[RECORD EXCERPTS Boundary: Start]

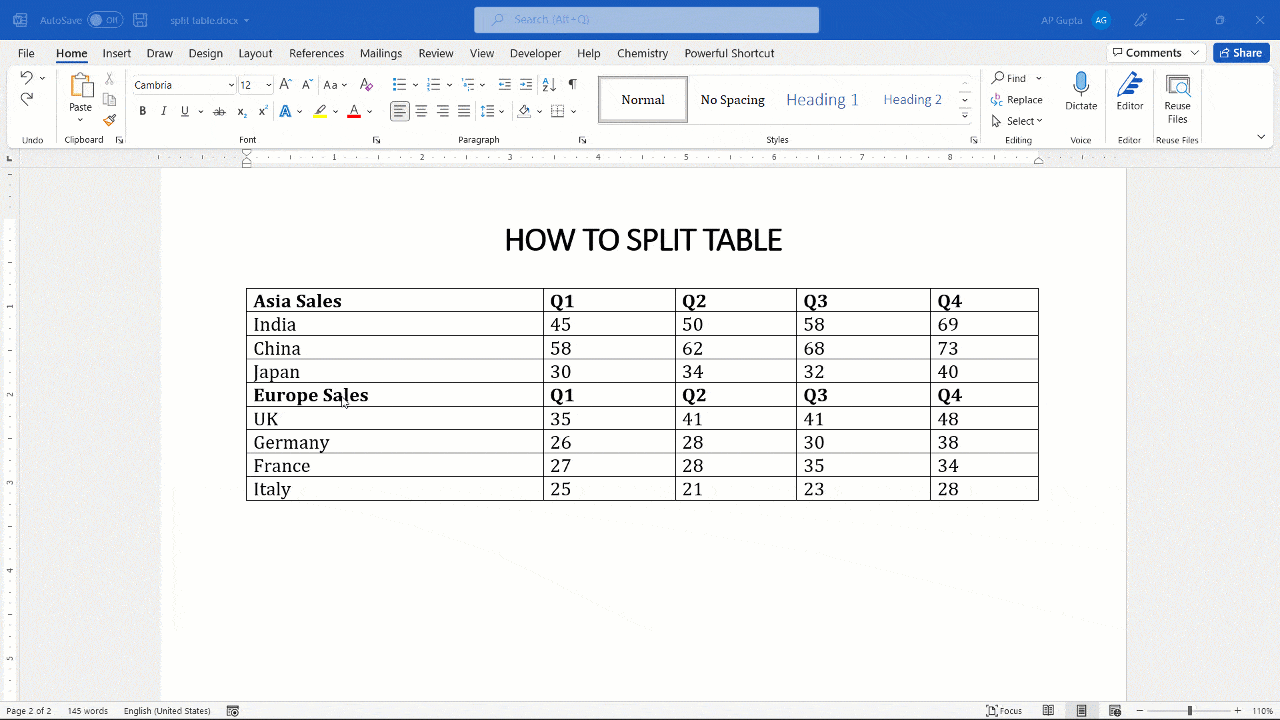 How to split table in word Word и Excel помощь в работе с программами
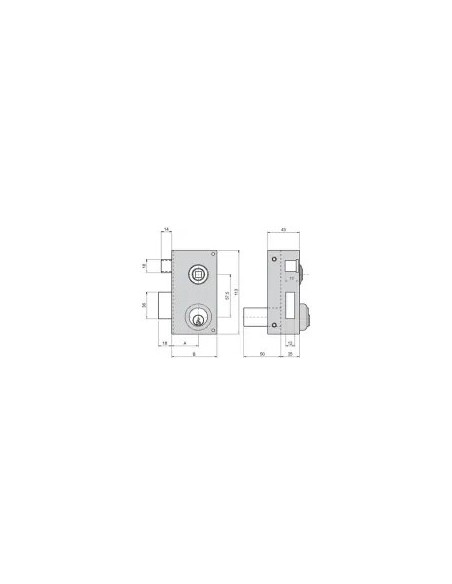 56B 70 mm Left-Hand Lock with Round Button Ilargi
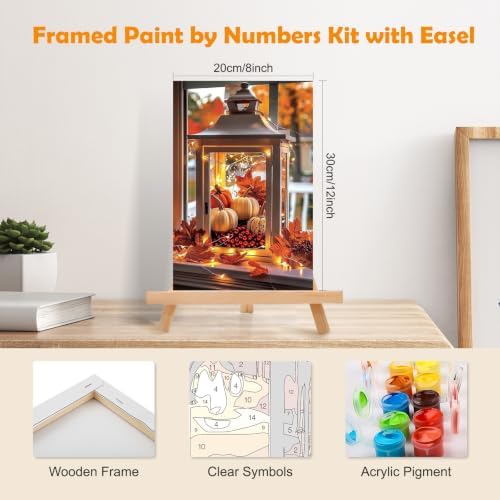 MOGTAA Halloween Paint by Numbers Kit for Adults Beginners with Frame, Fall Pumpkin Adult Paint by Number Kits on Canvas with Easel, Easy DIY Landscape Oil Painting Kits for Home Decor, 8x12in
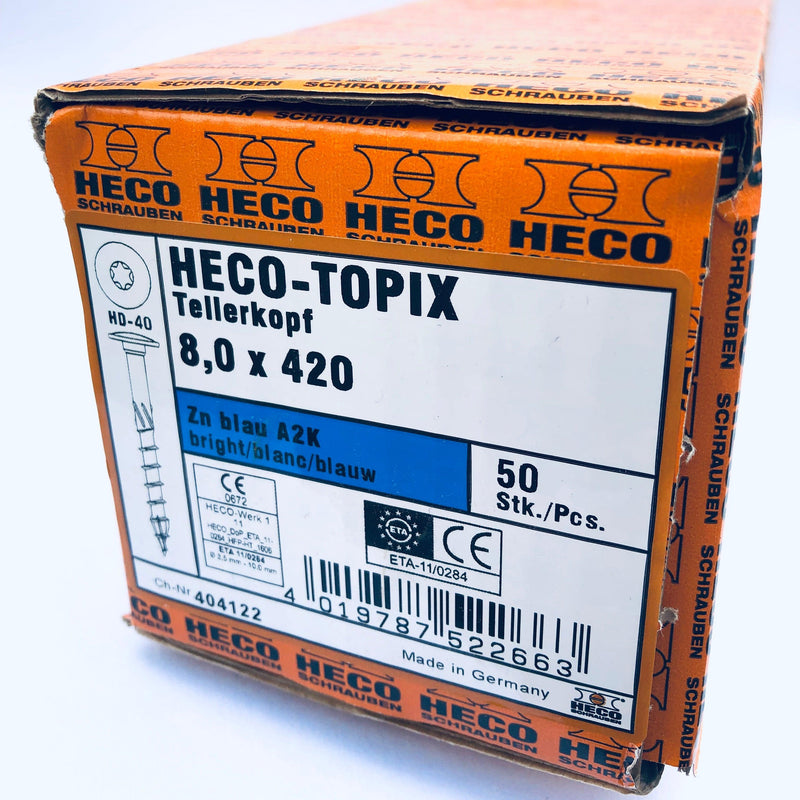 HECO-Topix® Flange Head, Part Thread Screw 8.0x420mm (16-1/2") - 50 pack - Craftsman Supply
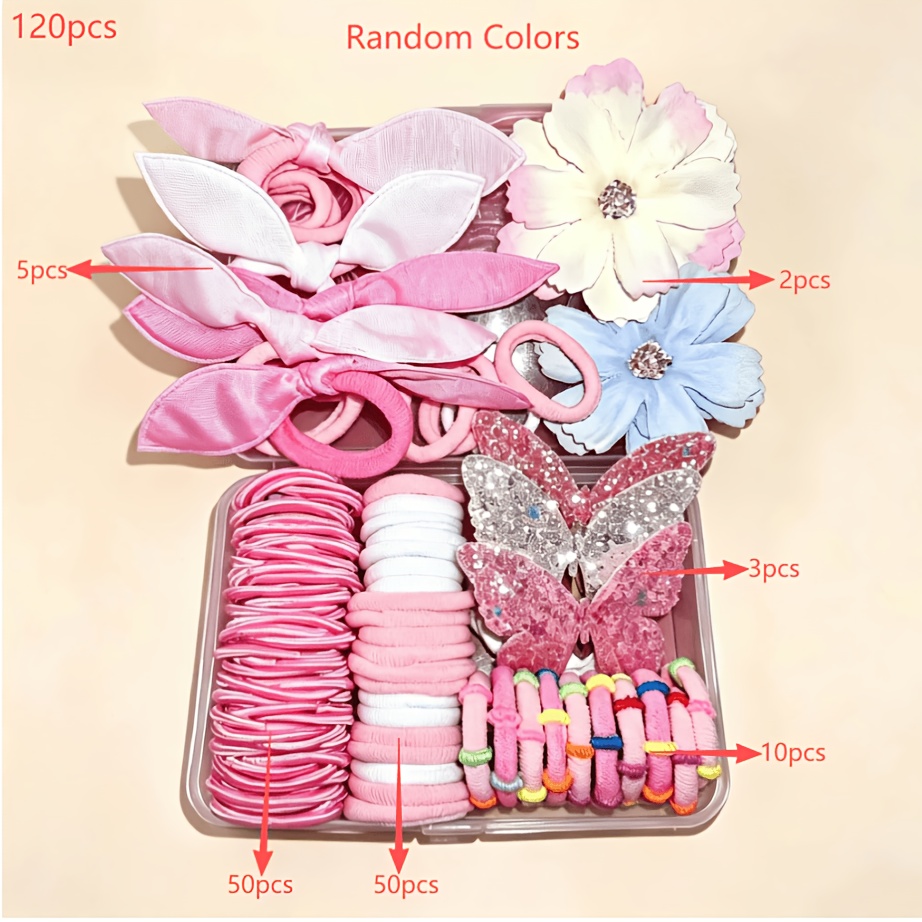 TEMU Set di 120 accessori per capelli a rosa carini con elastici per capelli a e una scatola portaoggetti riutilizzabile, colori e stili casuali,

[RECORD EXCERPTS Boundary: End]
[RECORD EXCERPTS Boundary: Start]

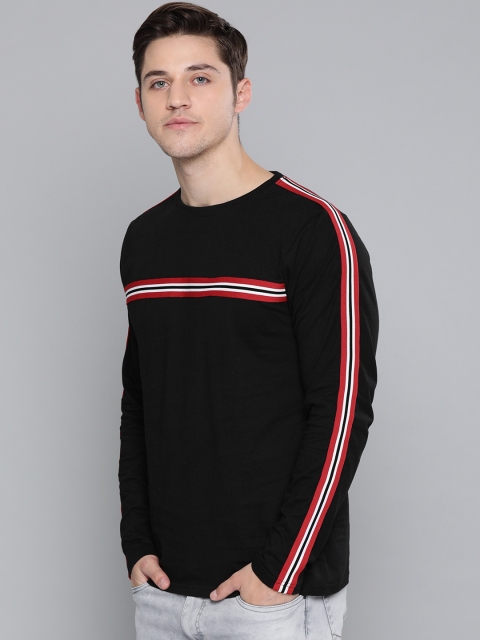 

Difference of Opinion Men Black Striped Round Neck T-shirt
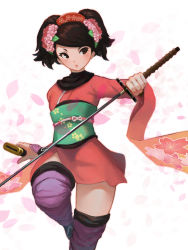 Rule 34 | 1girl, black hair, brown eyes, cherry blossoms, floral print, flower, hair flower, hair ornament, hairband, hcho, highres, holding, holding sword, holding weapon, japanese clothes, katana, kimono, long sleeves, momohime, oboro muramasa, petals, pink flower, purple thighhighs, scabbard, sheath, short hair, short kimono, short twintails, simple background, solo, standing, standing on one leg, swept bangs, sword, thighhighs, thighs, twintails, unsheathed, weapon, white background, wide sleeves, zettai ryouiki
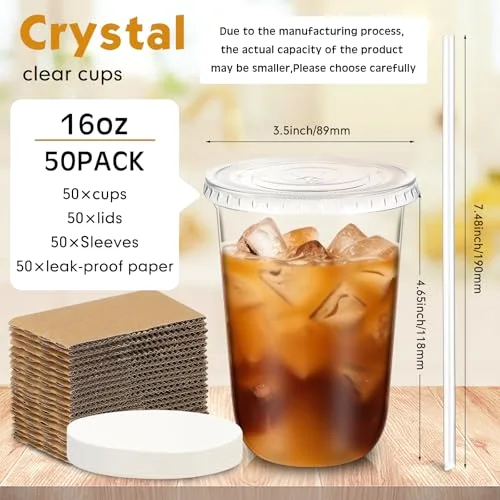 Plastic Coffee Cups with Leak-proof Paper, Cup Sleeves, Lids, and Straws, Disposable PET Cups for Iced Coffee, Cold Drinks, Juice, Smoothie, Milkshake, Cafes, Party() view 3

[RECORD EXCERPTS Boundary: End]

-- THE PROBLEM --
Repeat exactly the lines above, from the line that contains "How to split" down through the line that contains "TEMU Set di". Include both of those lines and none of the pictures.

-- RESULT FOR THIS EXERCISE --
 How to split table in word Word и Excel помощь в работе с программами
 56B 70 mm Left-Hand Lock with Round Button Ilargi
 MOGTAA Halloween Paint by Numbers Kit for Adults Beginners with Frame, Fall Pumpkin Adult Paint by Number Kits on Canvas with Easel, Easy DIY Landscape Oil Painting Kits for Home Decor, 8x12in
 HECO-Topix® Flange Head, Part Thread Screw 8.0x420mm (16-1/2") - 50 pack - Craftsman Supply
 TEMU Set di 120 accessori per capelli a rosa carini con elastici per capelli a e una scatola portaoggetti riutilizzabile, colori e stili casuali,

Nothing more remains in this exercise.